# Feeling Horny??



## Bigdrowdy1 (Jan 29, 2010)

I found a connection!!!


----------



## Jonbnks (Jan 21, 2012)

WOW!


----------



## prairiewolf (Feb 19, 2012)

I would like to find a connection like that ! Good for you !


----------



## olsonfia (Mar 12, 2013)

Holy smokes that's a lot of antlers!


----------



## beavertrapper (Dec 31, 2012)

you think??????.....holy smokes thats awesome hoto:


----------



## hassell (Feb 9, 2010)

Making calls out of them should keep one busy for a few years. HA !!


----------



## sneakygroundbuzzard (Nov 1, 2012)

damn thats alot of antlers

i see thousands of knife handles and knapping tools laying in that pile


----------



## jswift (Dec 24, 2012)

That beats our collection all to heck!


----------



## dwtrees (Mar 5, 2012)

Makes my garage full of antlers look small. Where the heck did you find all of them?


----------



## youngdon (Mar 10, 2010)

WOW! ! That's a mess of 'em nice find Rodney


----------



## Bigdrowdy1 (Jan 29, 2010)

This was just a small portion of what he has. These are all legally bought sheds that can be bought or sold. He has a few hundred pounds of them that he cannot use because they are polished,waxed or sealed.These are actually cut-up to make animal chew toys that sell for 30.00 a pound in places like Petco and Pets-R-Us etc. There is a whole box of polished antlers that looks like someone was going to make knifes from. if your interested in getting some of these handles or horns shoot me a PM and i am sure I can help you out.He has Elk,Moose,Muley and Whitetail horns along with some exotics but not much of the latter.


----------



## sneakygroundbuzzard (Nov 1, 2012)

rodney, in the top left of that picture

is that an Osage Orange recurve self bow hanging up?


----------



## Bigdrowdy1 (Jan 29, 2010)

No just a strap for tie a down. Wishfull thinking though!


----------



## Bigdrowdy1 (Jan 29, 2010)

Here is a picture(not a good one Blackberry phone camera) of what I got just to play with.
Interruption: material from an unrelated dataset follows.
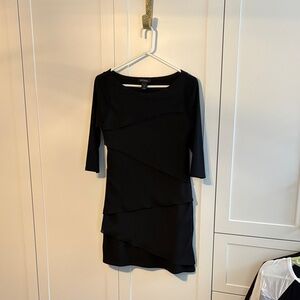 White House Black Market Ruffle dress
The horns on the bottom are already cut and polished. They are about 4- 6 inches long. i will try and take some better pictures outside today.


----------



## Rick Howard (Feb 25, 2012)

WOW!


----------



## youngdon (Mar 10, 2010)

Nice bone Rodney........did I say that out loud ?


----------



## olsonfia (Mar 12, 2013)

No way SG. A "nice bone" comment on a "feeling horny" post. We'll just leave that one alone lol!


----------



## dwtrees (Mar 5, 2012)

Not touching that one either..............well maybe.................nope.


----------